Photo by way of John Munson/The Star-Ledger.

2 comments:

Rain Trueax said...

I feel the same way about this. We don't even know for sure that the defendant didn't do it because he himself is gay and not admitting it. His 'joking' about it doesn't tell a person anything. It is voyeurism in that case. We also don't know if the boy who killed himself did it because he didn't feel he could face who he was which comes back to society's sickness to not recognize this is natural. Just a sad case. One last thing, having been on a felony jury last summer, juries don't get all they might wish they could. A grand jury, which in Oregon at least, is also made up of the same type of jurors, can at least question themselves and ask the questions they might wish to know.

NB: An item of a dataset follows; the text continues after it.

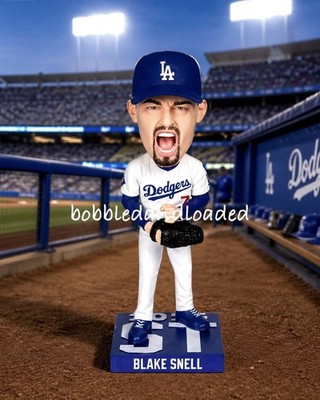 SNELL Dodgers ボブルヘッド 2026年5月9日 スネル SNELL Dodgers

In all cases though juries only get what prosecutors and defense lawyers give them. Sometimes it's not enough/

Rain Trueax said...

To add to this, I consider people who watch such stuff guilty also as they are adding on. Years ago I was in a chat room and chatting with someone privately. They told me one of the married couples had put on a webcam and people could watch them have sex. I said no thanks. I felt it was a kind of sickness to do that and equal to want to watch it. That marriage later went to a divorce which I don't know why but feel it was wrong to see it even when both people voluntarily chose to exploit themselves.